It is actually permissible and not uncommon for any of the allowed characters to also be encoded by some software. Thus, any application that decodes a URL must decode every occurrence of a percentage sign followed by any two hexadecimal digits.

The following code encodes text for URLs:

sub url_encode {
    my $text = shift;
    $text =~ s/([^a-z0-9_.!~*'(  ) -])/sprintf "%%%02X", ord($1)/ei;
    $text =~ tr/ /+/;
    return $text;
}

Any character not in the allowed set is replaced by a percentage sign and its two-digit hexadecimal equivalent. The three percentage signs are necessary because percentage signs indicate format codes for sprintf, and literal percentage signs must be indicated by two percentage signs. Our format code thus includes a percentage sign, %%, plus the format code for two hexadecimal digits, %02X.

Code to decode URL encoded text looks like this:

sub url_decode {
    my $text = shift;
    $text =~ tr/+/ /;
    $text =~ s/%([a-f0-9][a-f0-9])/chr( hex( $1 ) )/ei;
    return $text;
}

Here we first translate any plus signs to spaces. Then we scan for a percentage sign followed by two hexadecimal digits and use Perl’s chr function to convert the hexadecimal value into a character.

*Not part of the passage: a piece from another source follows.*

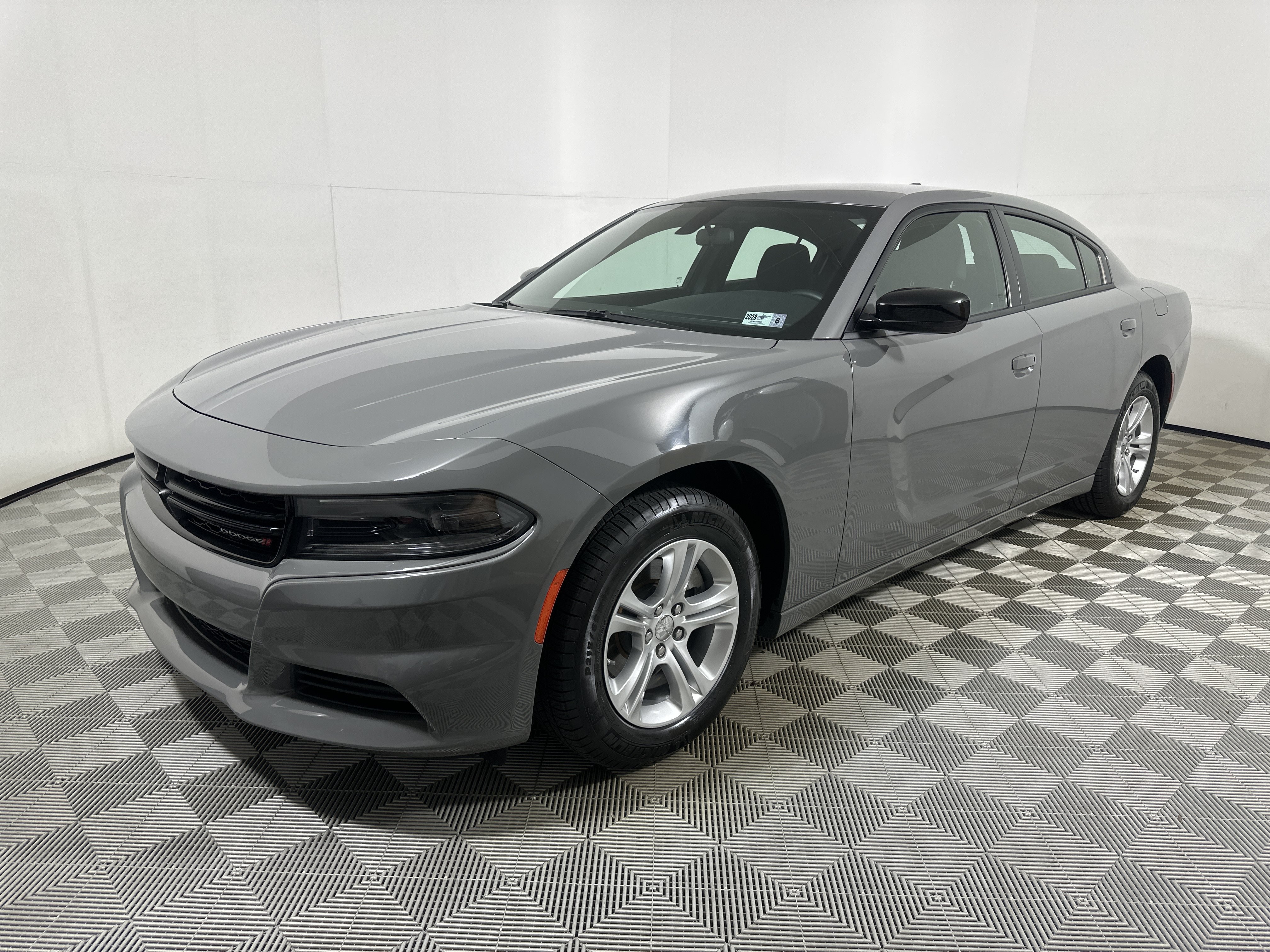 Used 2023 Destroyer Gray Clearcoat Dodge SXT image 3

Neither the encoding nor the decoding operations can be safely repeated on the same text. Text encoded twice differs from text encoded once because the percentage signs introduced in the first step would themselves be encoded in the second. Likewise, you cannot encode or decode entire URLs. If you were to decode a URL, you could no longer reliably parse it, for you may have introduced characters that would be misinterpreted such as / or ?. You should always parse a URL to get the components you want before decoding them; likewise, encode components before building them into a full URL.

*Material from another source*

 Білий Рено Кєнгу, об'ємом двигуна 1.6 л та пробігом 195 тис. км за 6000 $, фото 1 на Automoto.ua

Note that it’s good to understand how a wheel works but reinventing it would be pointless. Even though you have just seen how to encode and decode text for URLs, you shouldn’t do so yourself. The URI::URL module (actually it is a collection of modules), available on CPAN (see Appendix B), provides many URL-related modules and functions. One of the included modules, URI::Escape, provides the url_escape and url_unescape functions. Use them. The subroutines in these modules have been vigorously tested, and future versions will reflect any changes to HTTP as it evolves.[2] Using standard subroutines will also make your code much clearer to those who may have to maintain your code later (this includes you).

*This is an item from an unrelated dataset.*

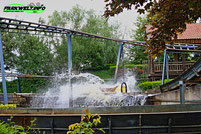 Wildwasserbahn Log Flume Zamperla Wunderland Kalkar Wasserbahn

If, despite these warnings, you still insist on writing your own decoding code yourself, at least place it in appropriately named subroutines. Granted, some of these actions take only a line or two of code, but the code is quite cryptic, and these operations should be clearly labeled.

HTTP

Now that we have a clearer understanding of URLs, let’s return to the main focus of this chapter: HTTP, the protocol that clients and servers use to communicate on the Web.

The Request and Response Cycle

When a web browser requests a web page, it sends a request message to a web server. The message always includes a header, and sometimes it also includes a body. The web server in turn replies with a reply message. This message also always includes a header and it usually contains a body.

There are two features that are important in understanding HTTP:

  • It is a request/response protocol: each response is preceded by a request.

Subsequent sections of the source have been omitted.